**COLLECTED MATERIAL:**
*** Begin section ***

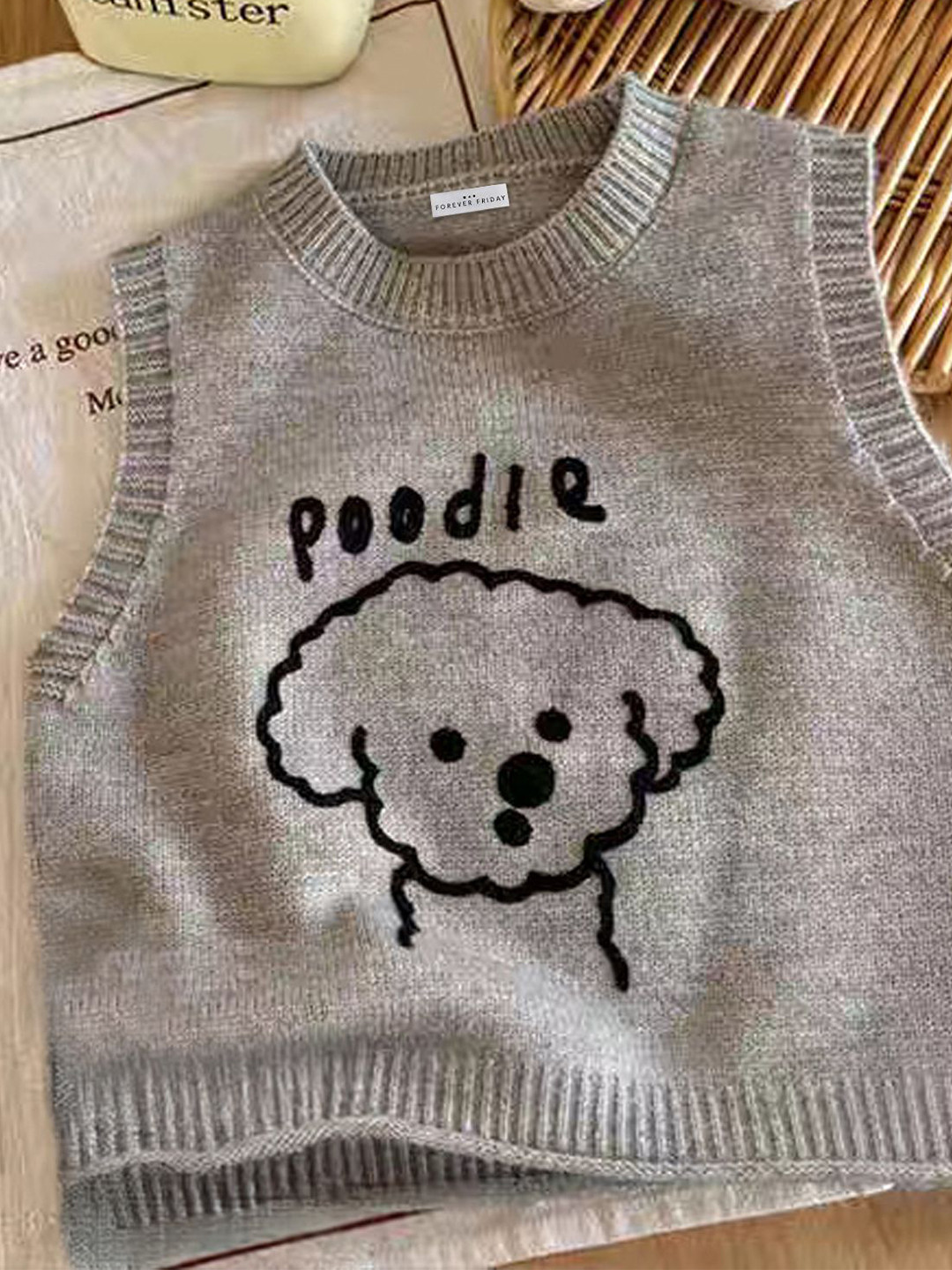 

FOREVER FRIDAY Girls Cotton Embroidered Sweater Vest, Grey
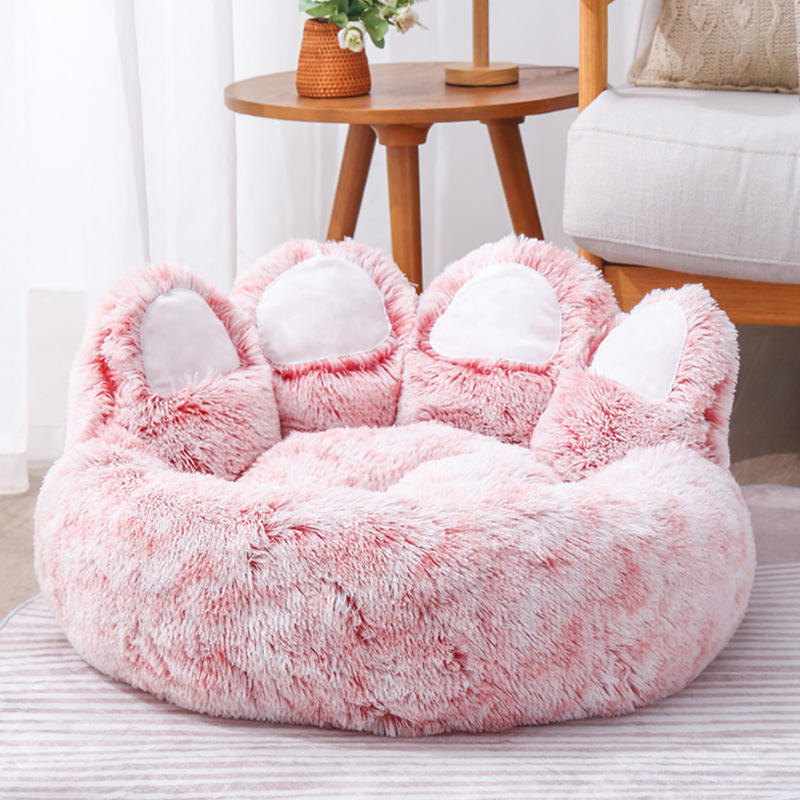 Bear Paw Dog Bed Soft Plush Pet Bed Fashion Cute Warm Creative Pink Luxury Dog Bed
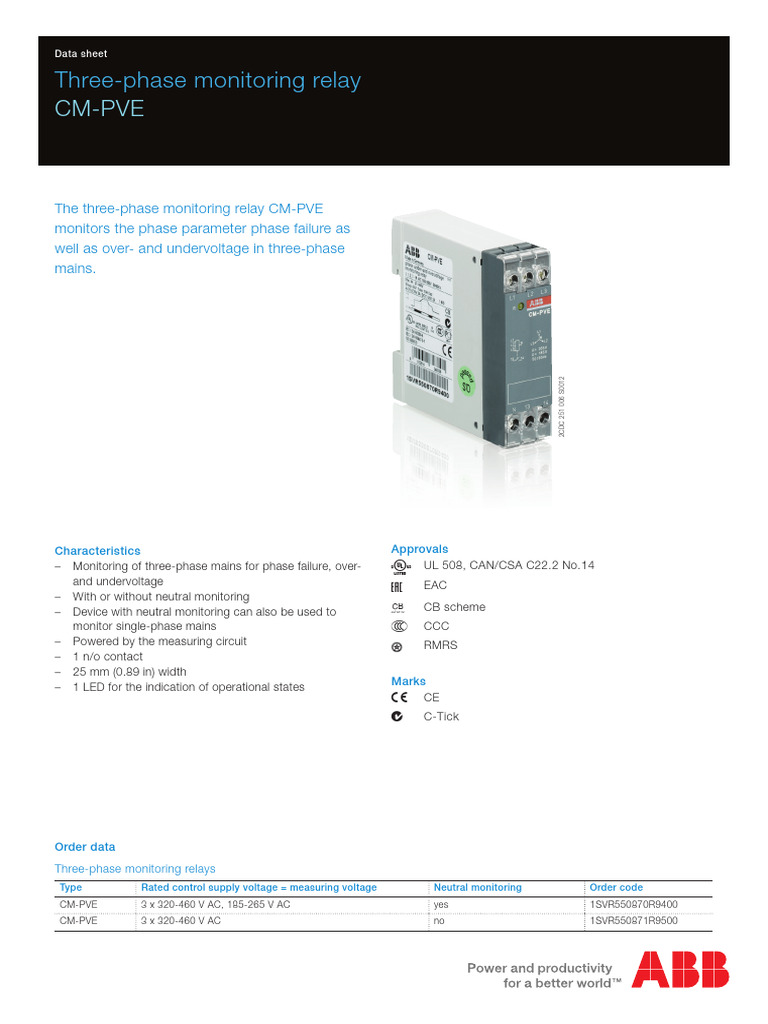 Cm-Pve: Three-Phase Monitoring Relay | PDF | Relay | Mains Electricity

*** End section ***

**TO DO:**
Would you return the data above exactly as written, minus the images?

**ANSWER SPACE:**
FOREVER FRIDAY Girls Cotton Embroidered Sweater Vest, Grey
 Bear Paw Dog Bed Soft Plush Pet Bed Fashion Cute Warm Creative Pink Luxury Dog Bed
 Cm-Pve: Three-Phase Monitoring Relay | PDF | Relay | Mains Electricity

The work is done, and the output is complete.